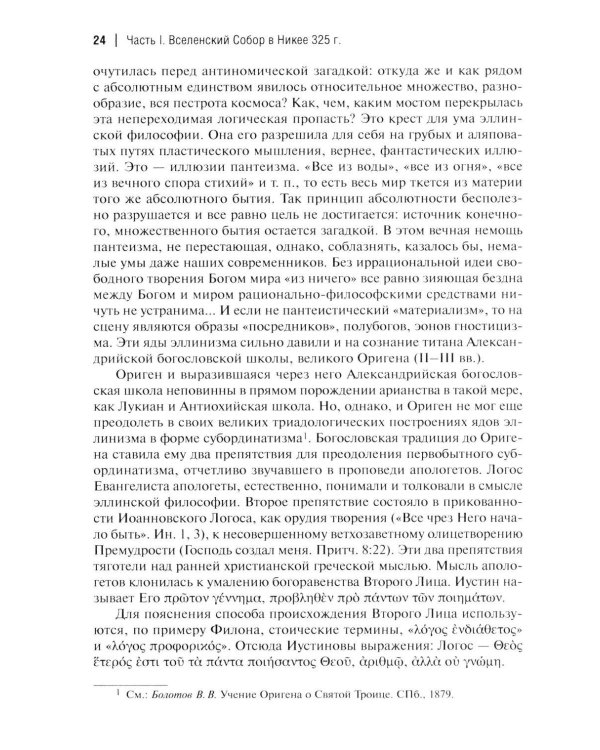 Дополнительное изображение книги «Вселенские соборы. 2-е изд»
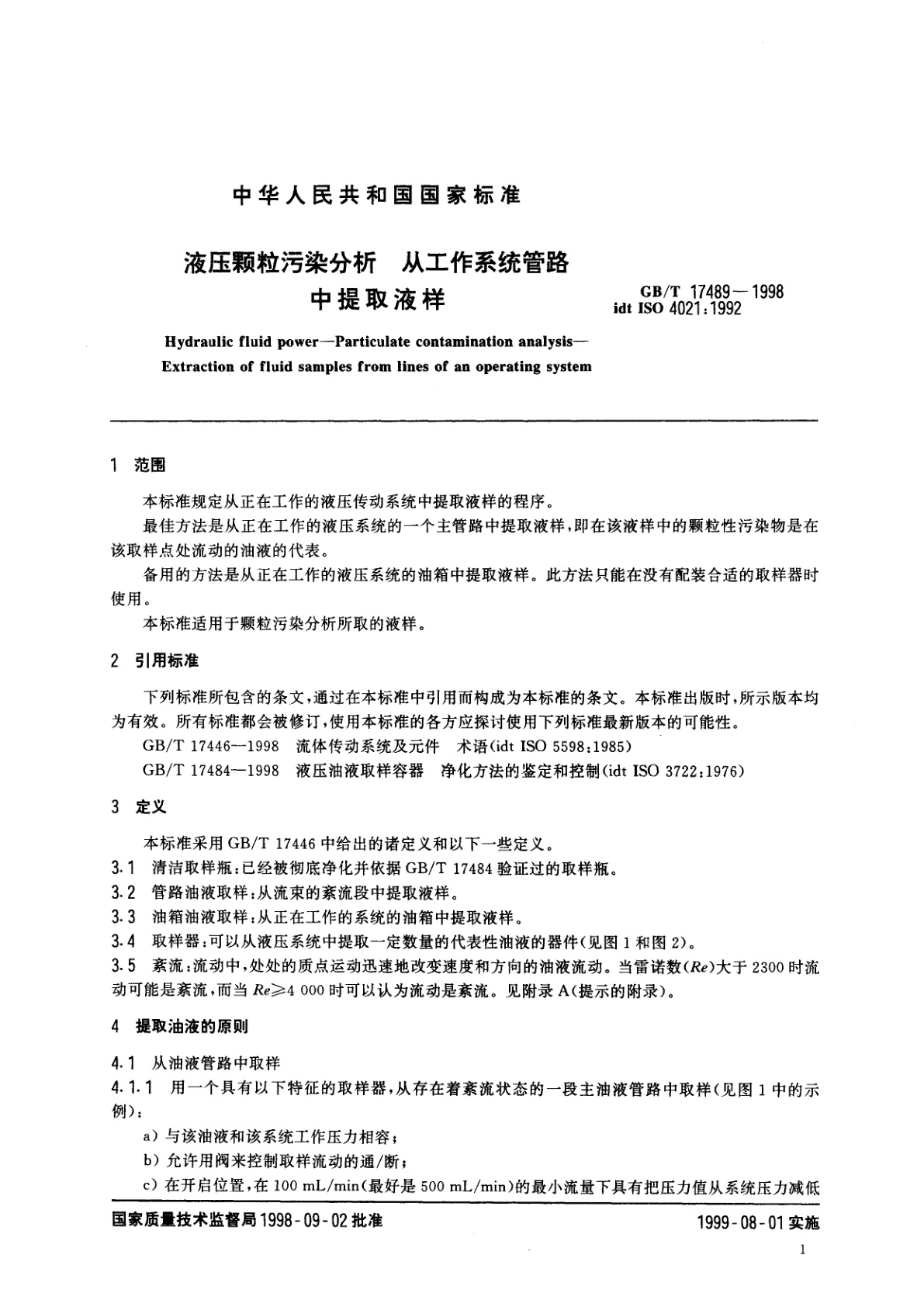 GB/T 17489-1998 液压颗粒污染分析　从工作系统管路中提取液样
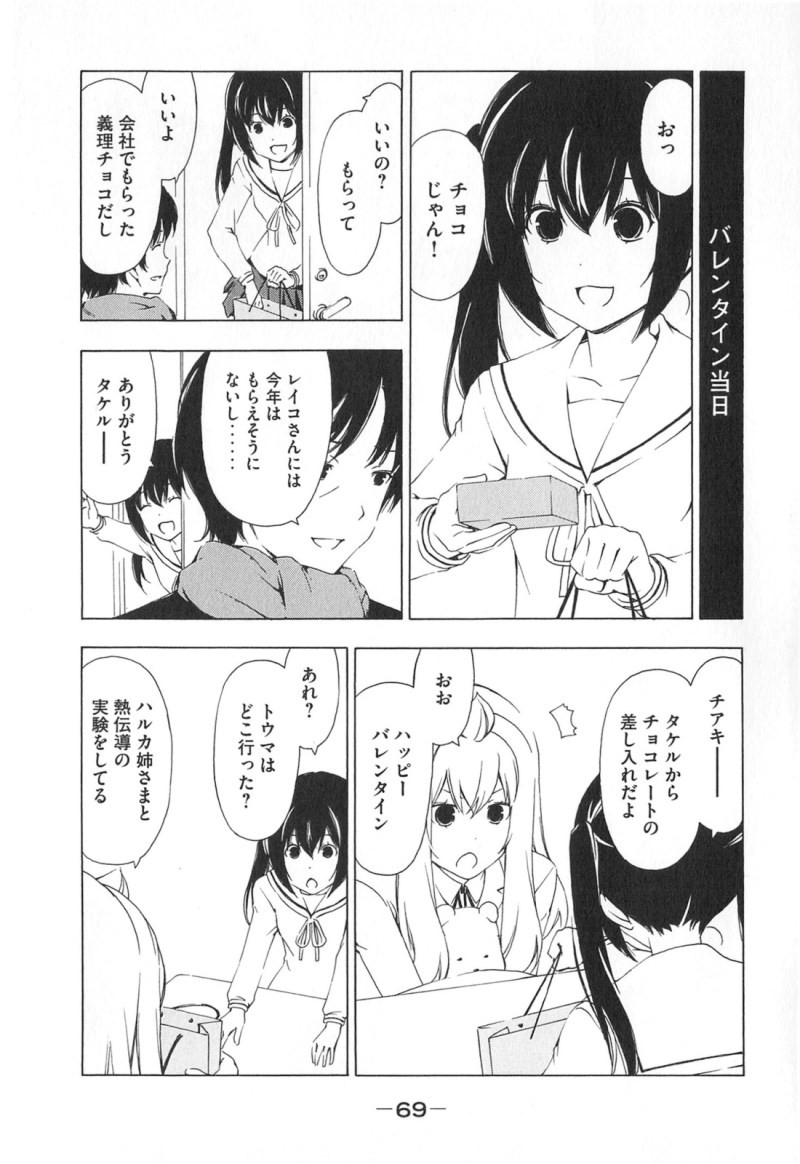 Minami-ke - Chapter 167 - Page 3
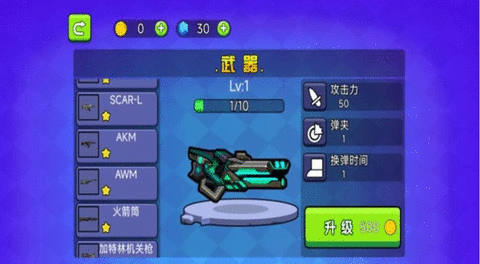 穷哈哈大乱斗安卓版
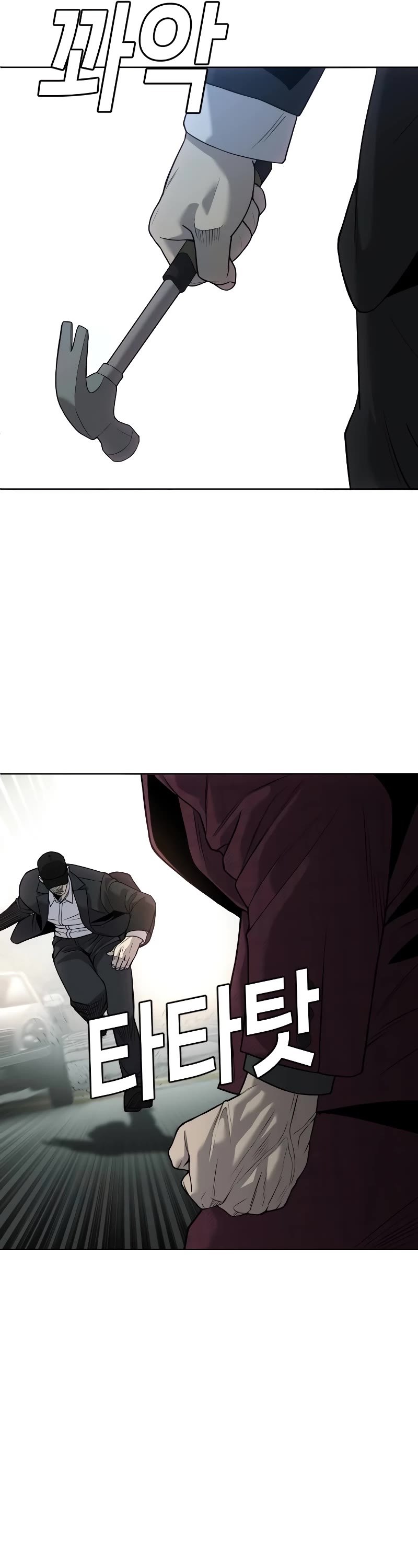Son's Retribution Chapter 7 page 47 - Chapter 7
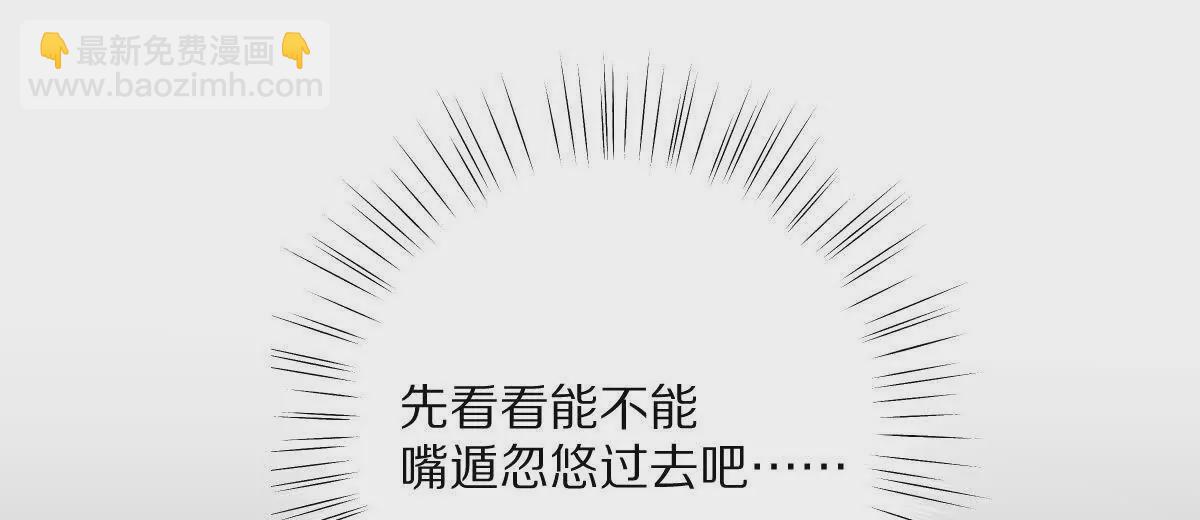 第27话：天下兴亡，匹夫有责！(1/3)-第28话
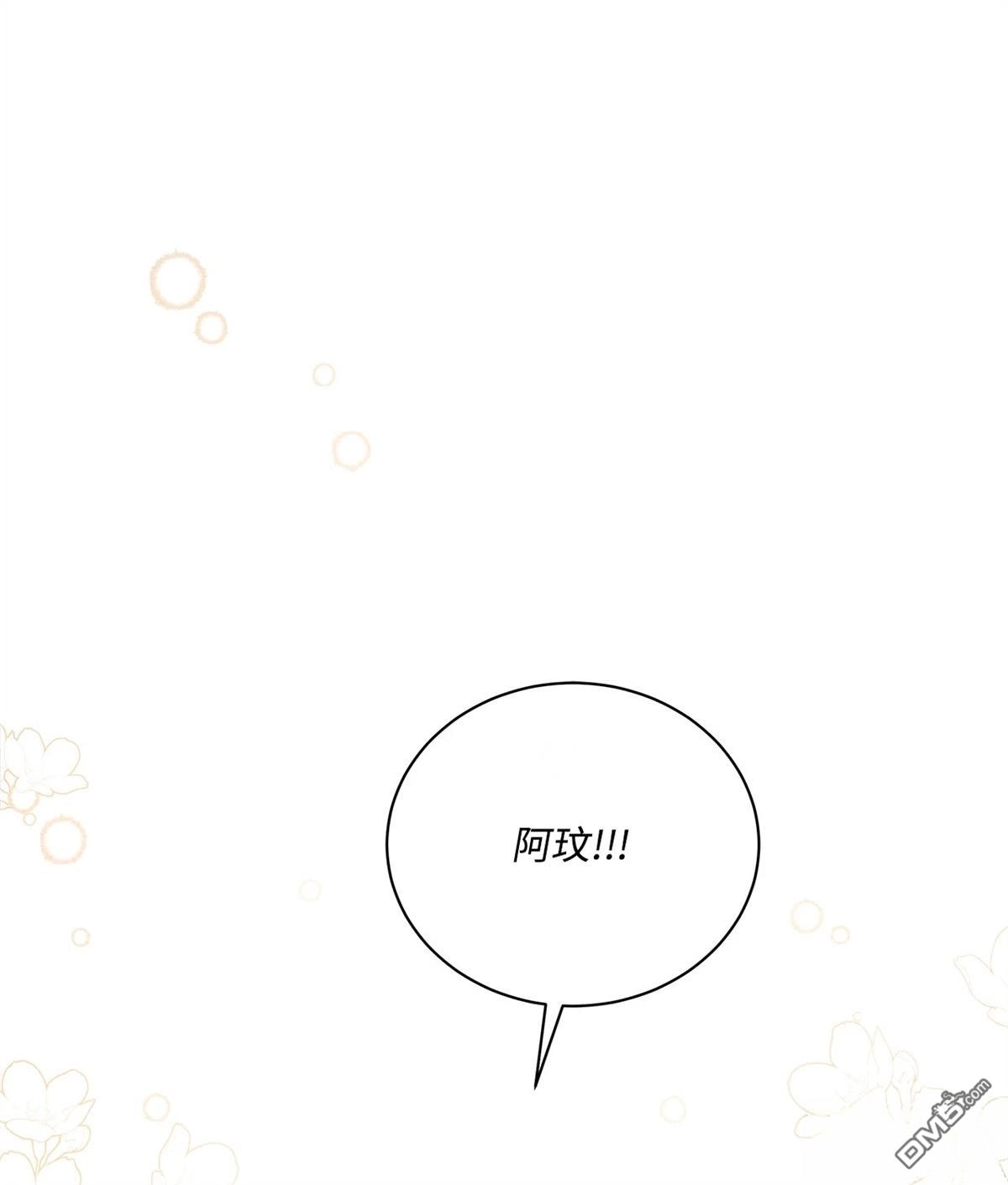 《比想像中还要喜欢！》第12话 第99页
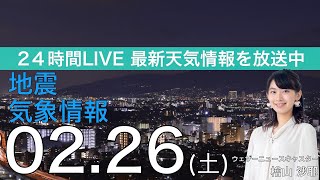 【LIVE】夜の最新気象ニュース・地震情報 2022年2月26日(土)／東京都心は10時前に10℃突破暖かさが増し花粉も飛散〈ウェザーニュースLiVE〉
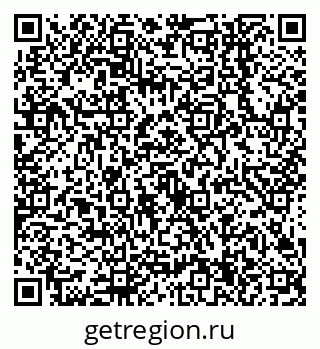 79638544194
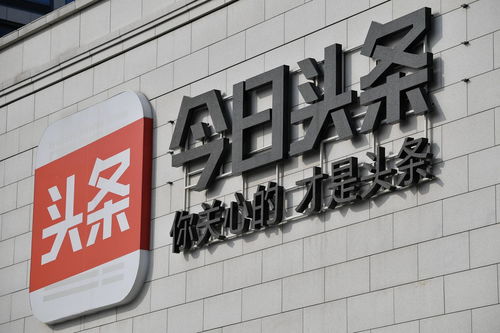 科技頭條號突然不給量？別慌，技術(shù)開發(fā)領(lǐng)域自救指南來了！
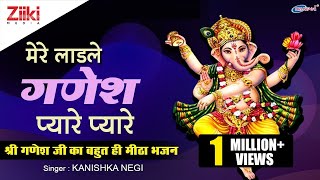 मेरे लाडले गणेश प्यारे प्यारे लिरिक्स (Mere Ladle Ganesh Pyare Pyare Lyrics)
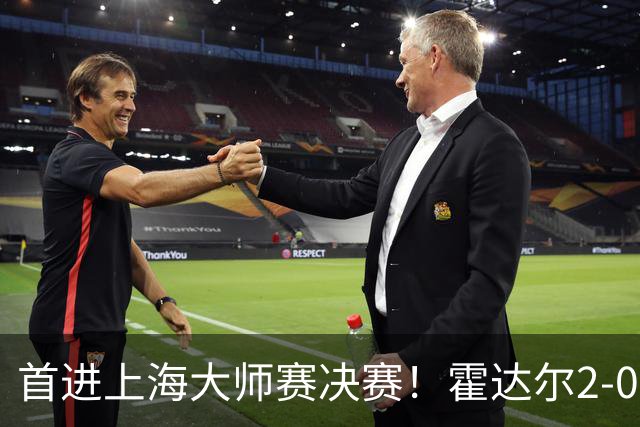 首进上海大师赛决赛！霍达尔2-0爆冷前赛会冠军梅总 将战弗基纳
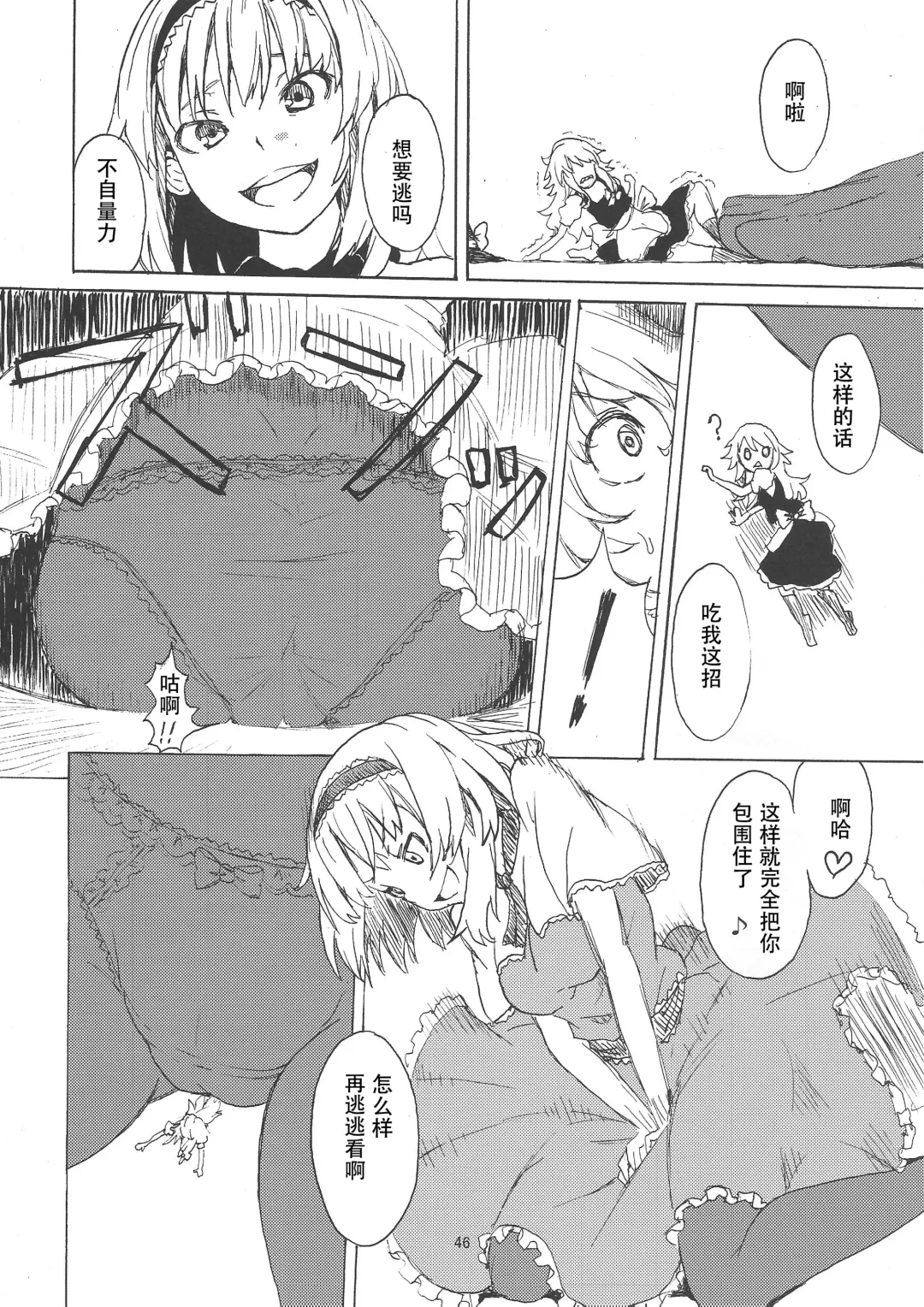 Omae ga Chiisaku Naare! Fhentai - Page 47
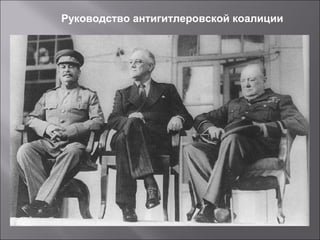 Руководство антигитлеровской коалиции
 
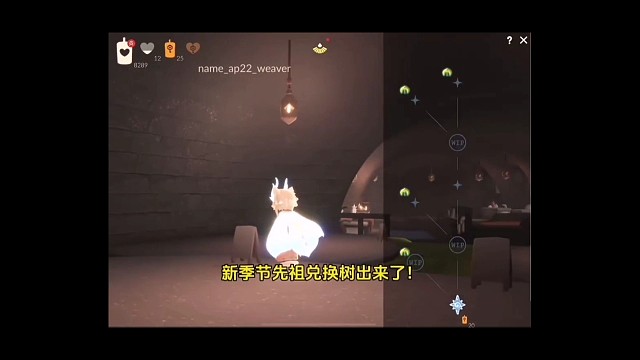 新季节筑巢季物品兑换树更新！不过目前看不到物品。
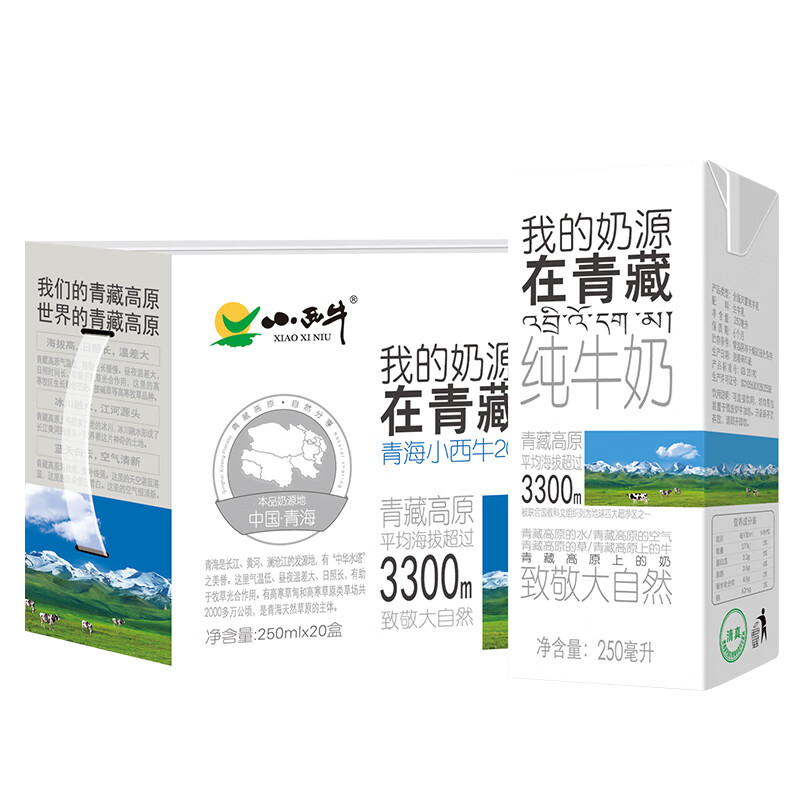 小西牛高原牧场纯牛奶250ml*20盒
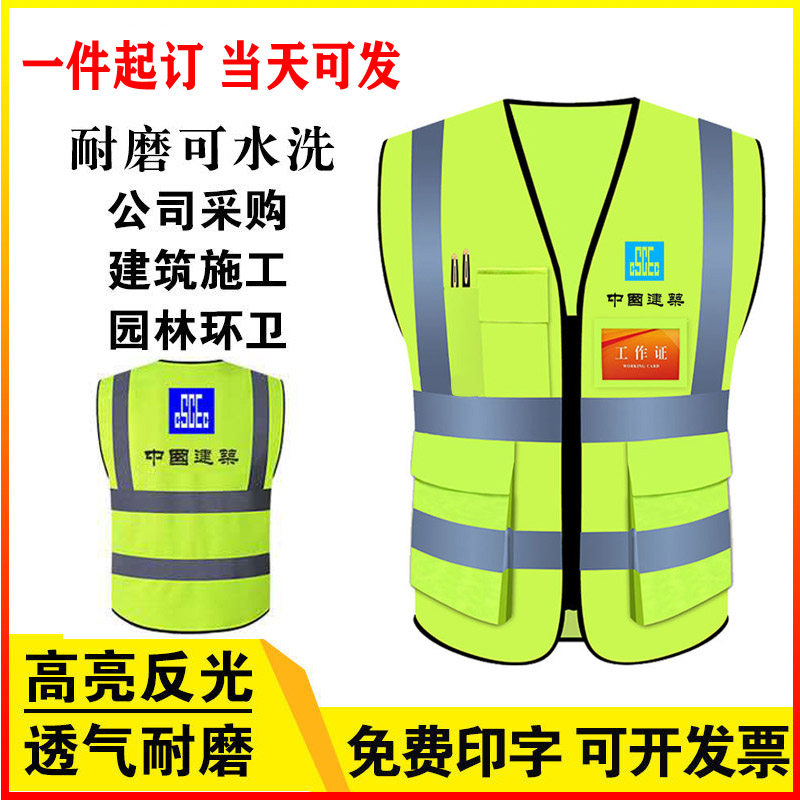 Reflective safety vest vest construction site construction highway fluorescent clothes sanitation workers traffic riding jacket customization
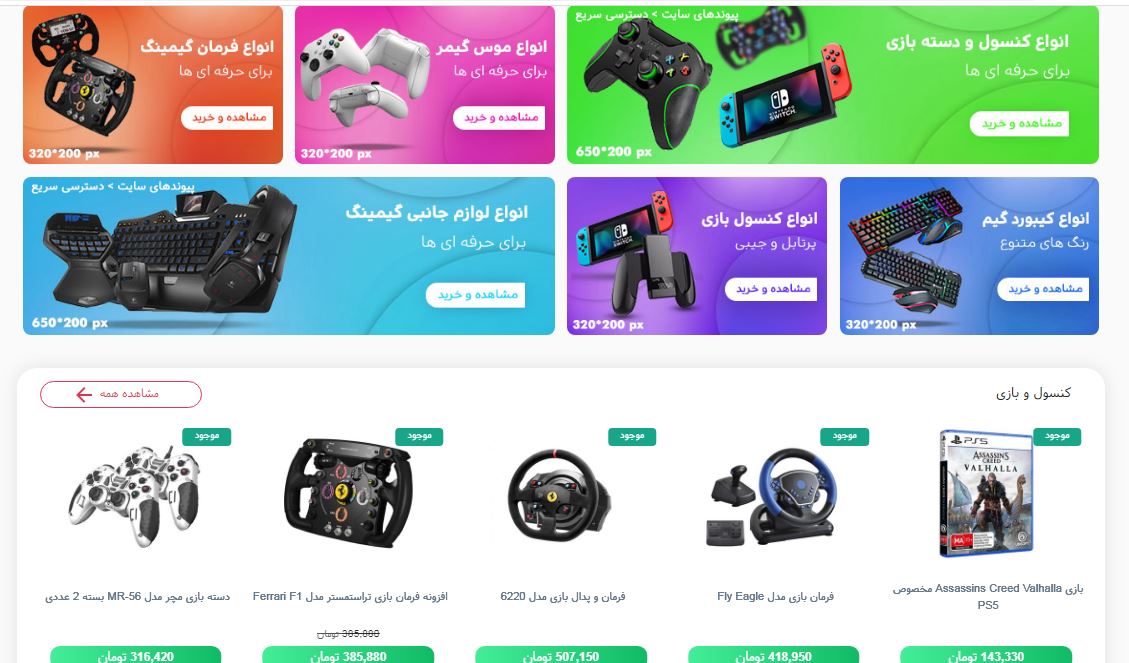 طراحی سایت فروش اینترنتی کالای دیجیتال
# # #
Everything in the entries above should be written out again exactly, except the images.

 Дополнительное изображение книги «Вселенские соборы. 2-е изд»
 GB/T 17489-1998 液压颗粒污染分析　从工作系统管路中提取液样
 Minami-ke - Chapter 167 - Page 3
 穷哈哈大乱斗安卓版
Son's Retribution Chapter 7 page 47 - Chapter 7
 第27话：天下兴亡，匹夫有责！(1/3)-第28话
 《比想像中还要喜欢！》第12话 第99页
 【LIVE】夜の最新気象ニュース・地震情報 2022年2月26日(土)／東京都心は10時前に10℃突破暖かさが増し花粉も飛散〈ウェザーニュースLiVE〉
 79638544194
 科技頭條號突然不給量？別慌，技術(shù)開發(fā)領(lǐng)域自救指南來了！
 मेरे लाडले गणेश प्यारे प्यारे लिरिक्स (Mere Ladle Ganesh Pyare Pyare Lyrics)
 首进上海大师赛决赛！霍达尔2-0爆冷前赛会冠军梅总 将战弗基纳
 Omae ga Chiisaku Naare! Fhentai - Page 47
 Руководство антигитлеровской коалиции
 
 新季节筑巢季物品兑换树更新！不过目前看不到物品。
 小西牛高原牧场纯牛奶250ml*20盒
 Reflective safety vest vest construction site construction highway fluorescent clothes sanitation workers traffic riding jacket customization
 طراحی سایت فروش اینترنتی کالای دیجیتال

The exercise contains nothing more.